Namun, karena korban tidak membuat laporan polisi, para pelaku diserahkan kepada Suku Dinas Sosial Jakarta Pusat sebagai pihak yang berwenang. Hal ini menunjukkan bahwa penanganan jukir liar tidak hanya menjadi tugas kepolisian, tetapi juga membutuhkan keterlibatan instansi lain yang berfokus pada kesejahteraan sosial dan pemberdayaan masyarakat.

Menuju Solusi yang Berkelanjutan

Penertiban jukir liar di Tanah Abang adalah persoalan kompleks yang membutuhkan solusi yang berkelanjutan.

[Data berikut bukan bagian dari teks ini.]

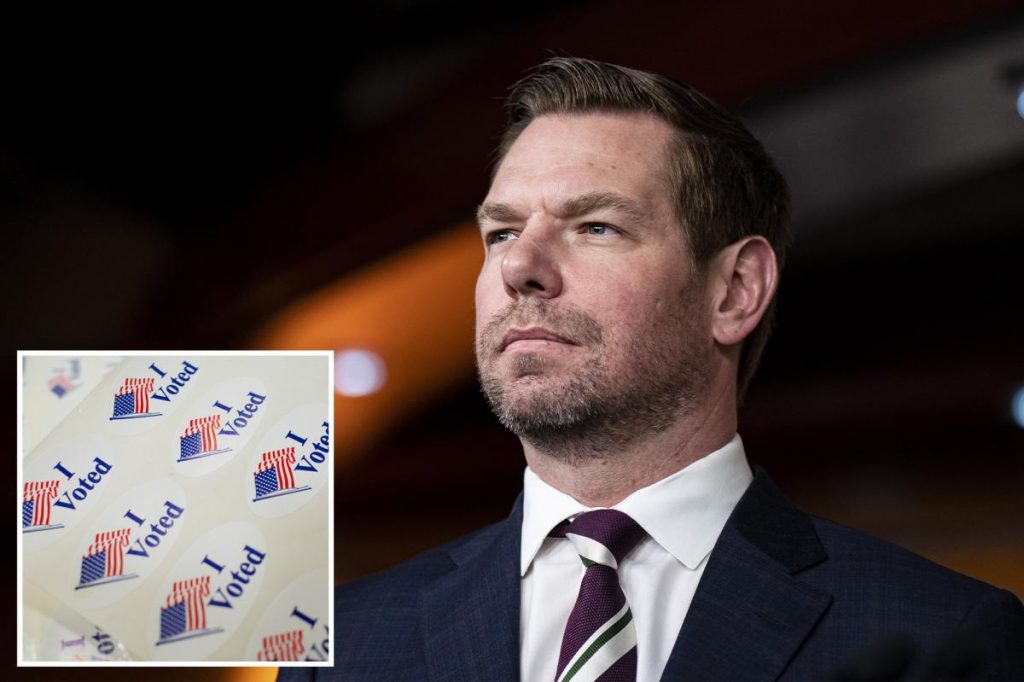 Eric Swalwell receives more than 15,000 votes for California governor Eric Swalwell receives more than 15,000 votes for California governor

Pendekatan represif mungkin dapat memberikan efek jera sementara, tetapi tidak menyelesaikan akar masalahnya. Diperlukan pendekatan yang lebih holistik yang melibatkan berbagai pihak, termasuk Pemprov DKI Jakarta, kepolisian, Suku Dinas Sosial, pengelola pasar, pedagang, dan tentu saja, para jukir liar itu sendiri.

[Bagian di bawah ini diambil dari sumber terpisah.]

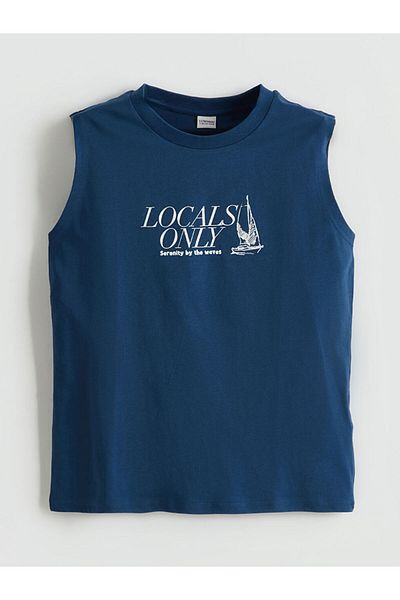 LC Waikiki New Season Crew Neck Men's Undershirt - S5J002Z4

Salah satu solusi yang dapat dipertimbangkan adalah dengan menyediakan lahan parkir yang memadai dan dikelola secara profesional. Selain itu, Pemprov DKI Jakarta juga dapat memberikan pelatihan dan pendampingan kepada para jukir liar agar mereka memiliki keterampilan yang dibutuhkan untuk bekerja di sektor formal. Dengan demikian, penertiban jukir liar tidak hanya bertujuan untuk menegakkan hukum, tetapi juga untuk meningkatkan kesejahteraan masyarakat dan menciptakan lingkungan yang lebih aman dan nyaman bagi semua pihak.